In the clean shlenk bottle of 50ml after the adding 40ml drying treatment 1,4-dioxane is again to wherein advertising N
2, and then add 0.05mmol vinylformic acid pyrene methyl esters respectively, 20mmol dimethylaminoethyl methacrylate and 0.1mmol azo-bis-isobutyl cyanide (AIBN) (behind the recrystallization); In 60 ℃ oil bath, react 5h, reaction is being added drop-wise to reaction product in the sherwood oil of 500ml after finishing; Precipitate three times; Because initiator and monomer dissolve in solvent, and polymkeric substance in solvent for precipitating, separablely in this way go out polymkeric substance; Draw final desciccate dry a whole night in 70 ℃ of vacuum drying ovens.Products therefrom ultimate analysis and nmr analysis have been done.Record nitrogen element content 7.97% in the ultimate analysis, carbon element content 57.17%, protium content 9.16% calculates copolymerization ratio x:y=1:54.GPC result shows: Mn=1941, Mw=7309, Mz=15296, Mz/Mw=2.092786.
Claims (3)
1. method of utilizing vinylformic acid pyrene methyl esters to prepare water solubility copolymer, carry out according to following step:
(1) reaction of synthesized micromolecule vinylformic acid pyrene methyl esters:
With pyrene methyl alcohol, triethylamine, acrylate chloride is raw material, is solvent with exsiccant THF, arrives room temperature reaction gradually 28 hours at ice-water bath; Reaction finishes after-filtration and falls insoluble deposition, revolves and steams filtrating, and add saturated sodium bicarbonate in the product after revolving steaming and dichloromethane solvent extracts; Saturated sodium bicarbonate with in by product vinylformic acid, the solution layering is neutral to lower floor's organic solution; Stop extraction, isolate organic phase, revolve steaming; Recrystallization in 95% ethanol obtains more purified vinylformic acid pyrene methyl esters powder;
(2) reaction of polymerisable monomer synthetic polymer:
This reactant random copolymerization reaction; (1) synthetic polymerisable monomer vinylformic acid pyrene methyl esters, dimethylaminoethyl methacrylate and initiator azo-bis-isobutyl cyanide (AIBN) are dissolved in organic solvent 1; In the 4-dioxane,, and use N in the entire reaction with 60 ℃ temperature reacting by heating 5h
2Protection, reaction is added drop-wise to reaction product in the petroleum ether solvent after finishing again; Precipitate three times, because initiator and monomer dissolve in sherwood oil, and polymkeric substance precipitates in sherwood oil; Separablely in this way go out polymkeric substance, in vacuum drying oven with 70 ℃ of temperature drying 12h.

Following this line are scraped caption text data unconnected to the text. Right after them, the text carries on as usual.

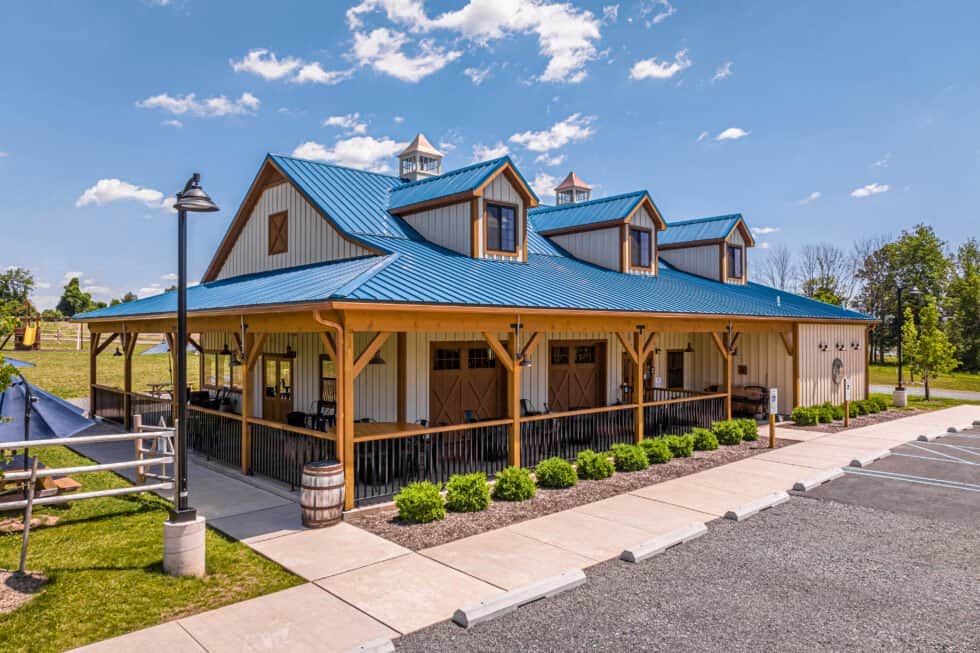 Charming rustic barn with modern amenities, ideal for events and gatherings in a scenic setting.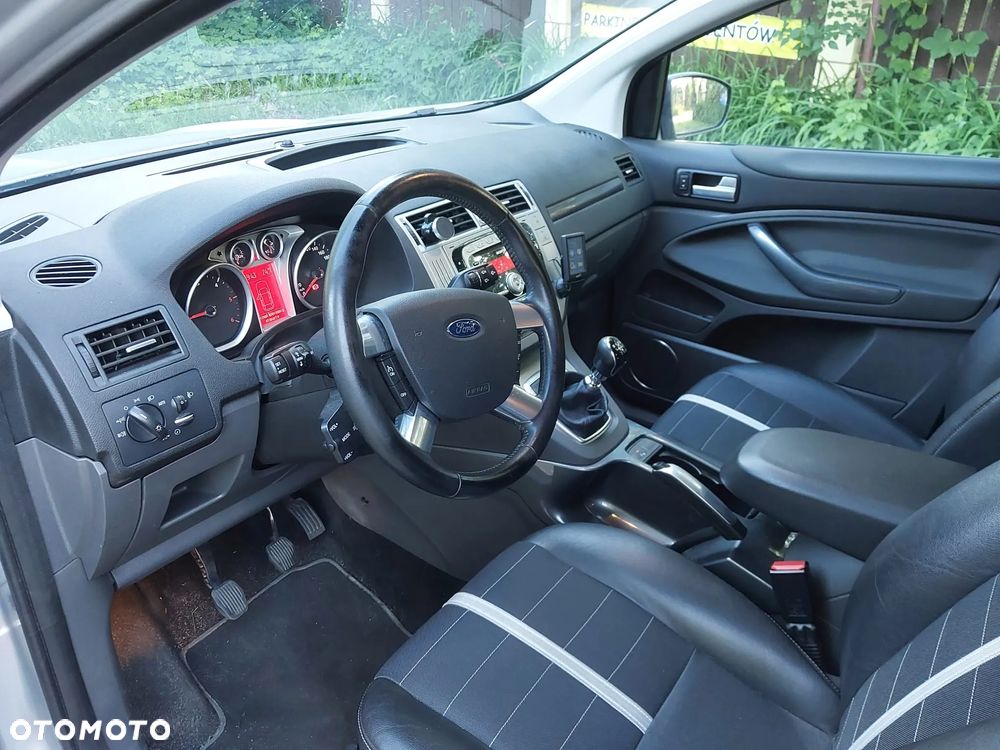 Ford Kuga 2.0 TDCi Titanium - 8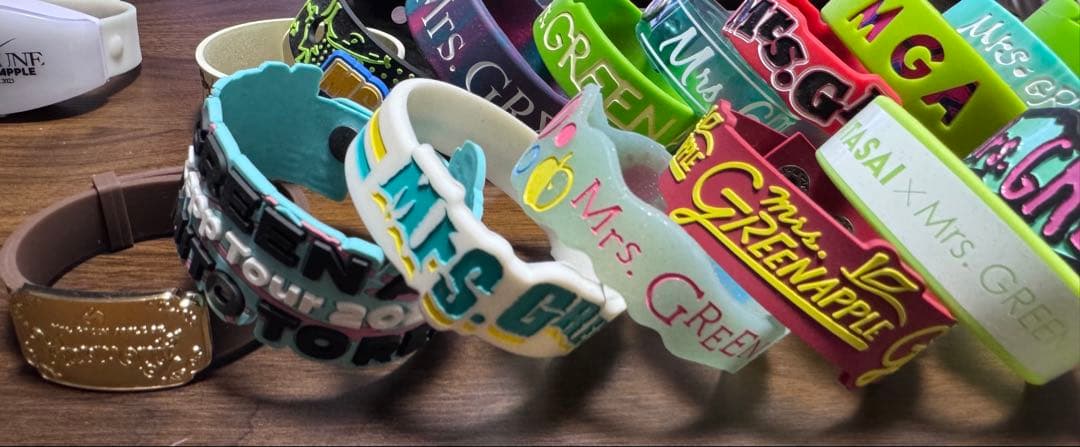 Mrs. GREEN APPLE ラバーバンドセット - メルカリ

2. according to the said method of utilizing vinylformic acid pyrene methyl esters to prepare water solubility copolymer of claim 1; It is characterized in that: used polymer materials is a dimethylaminoethyl methacrylate; This polymeric materials is with temperature and pH responsiveness, and better biocompatibility is arranged.
3. according to the described method of utilizing vinylformic acid pyrene methyl esters to prepare water solubility copolymer of claim 1; It is characterized in that: introduced higher pyrene fluorophor and the hydrophilic amine groups of fluorescence quantum yield on the side chain of polymkeric substance, made the synthetic polyelectrolyte have fluorescence and water-soluble.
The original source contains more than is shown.